Voici longtemps que Rose m’accompagne, et cette passerelle poétique entre mes deux patries, soutenue par l’esprit de l’Europe, m’est précieuse en ces temps où tonne à nouveau le canon en notre continent. Puissent la poésie et l’art apporter leur modeste pierre de résilience face aux barbaries.
Mon ami Helmut Braun, le découvreur et l’éditeur de Rose, devant ce beau portrait de Rose, lors d’une superbe exposition à Düsseldorf autour de Rose Ausländer, à la bibliothèque municipale.
Rose Ausländer, de „Blinder Sommer“ (traduction Sabine Aussenac)
Ces quelques jours passés à Düsseldorf en compagnie de Rose sont aussi l’occasion d’accompagner mon fils dans la découverte de la région de son futur Master (il a obtenu une bourse Erasmus) et de voir quelques musées…
Je connaissais Ai Weiwei
seulement de nom et de réputation…
Plonger dans les dédales des deux musées jumeaux de Düsseldorf, le K20
et le K21, pour appréhender les ouvres monumentales et/ou ciselées de l’artiste,
a été une révélation.
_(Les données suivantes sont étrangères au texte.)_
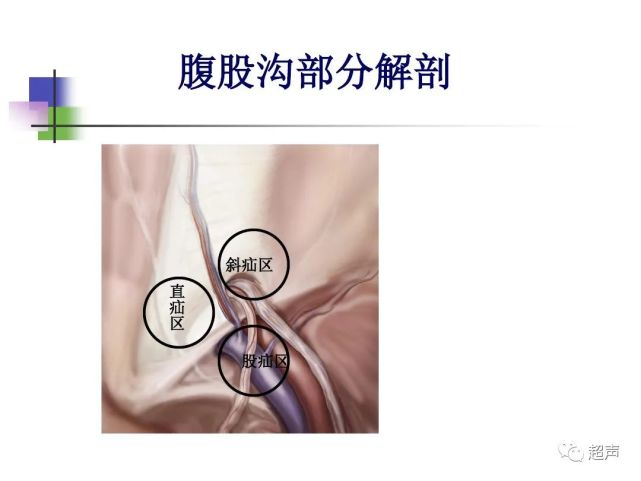 一图读懂腹股沟区解剖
Et c’est avec émotion que je vous livre les images
glanées lors de cette visite autour de l’exposition « Où est la révolution ? »…
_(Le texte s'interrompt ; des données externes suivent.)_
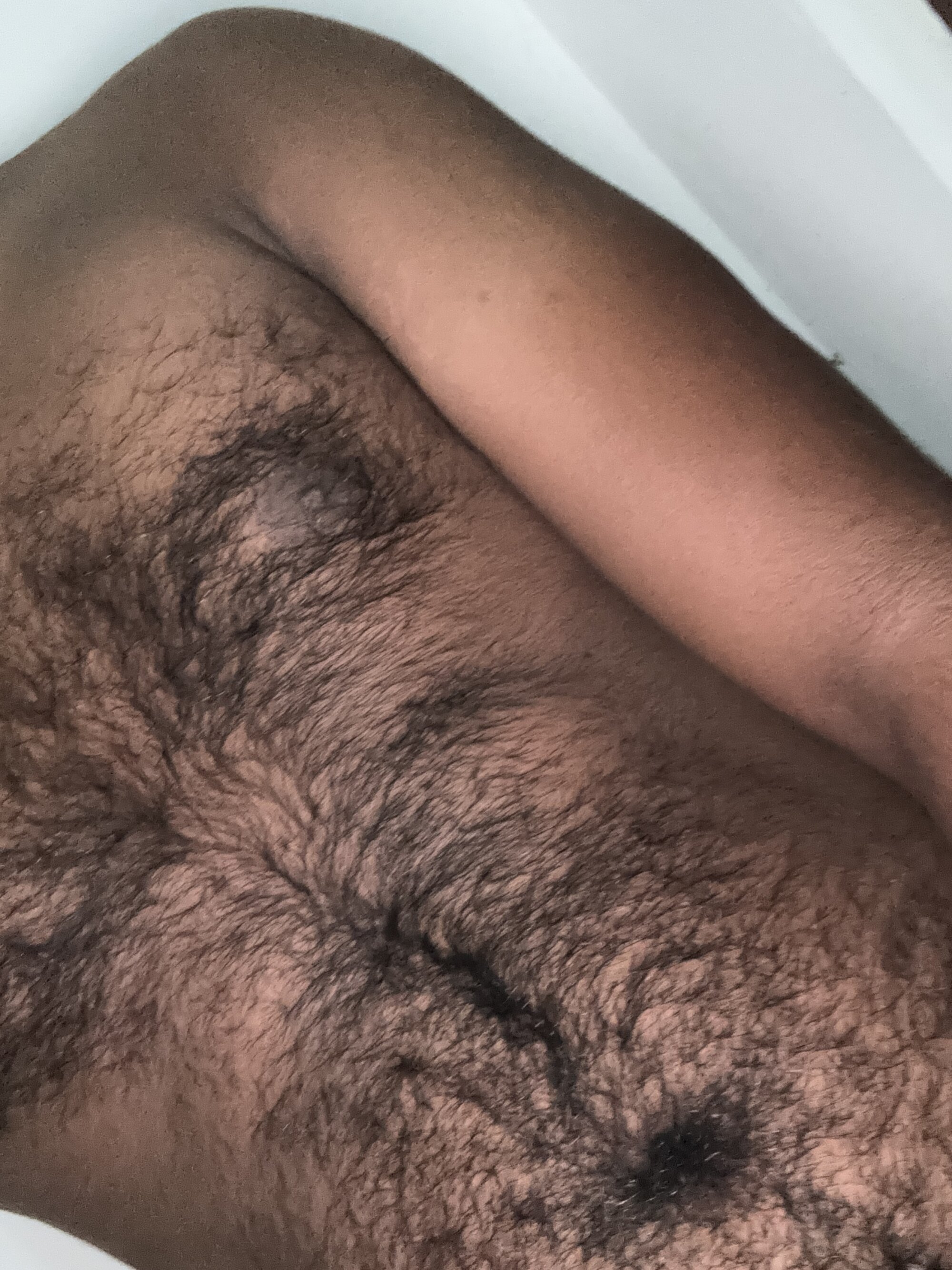 Rashxblackcock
Comment ne pas voir le parallèle entre sa longue histoire personnelle et les aléas de cette vie abimée par une dictature avec l’existence de Rose Ausländer, malmenée par les barbaries du nazisme et par sa survie si douloureuse dans le ghetto ?
Ainsi, le K21 nous
propose S.A.C.R.E.D, une série montée de 2011 à 2013 composée de six étranges
caisses en fer qui peuvent au départ sembler minimalistes, simples enveloppes
ressemblant à des contenairs rouillés ; mais en s’approchant, et en
montant de petites marches, le spectateur se faisant presque voyeur ébahi va
découvrir, via de minuscules ouvertures vitrées, toute une scénographie d’un
réalisme extrême reproduisant des scènes d’emprisonnement.
Ces saynettes rappellent
l’arrestation, le 3 avril 2011, de l’artiste, et miment donc le regard d’un
surveillant de prison sur les moments du terrible quotidien d’un prisonnier
politique. Comment, pour moi, ne pas penser à la jeune Rose, rentrée des
États-Unis où elle aurait pu librement demeurer, perdant d’ailleurs la nationalité
américaine du fait de son séjour à nouveau hors des USA, pour revenir en Bucovine, aux côtés de sa
mère, et croupissant ensuite durant de longues années dans le ghetto de
Czernowitz, en partie cachée dans une cave…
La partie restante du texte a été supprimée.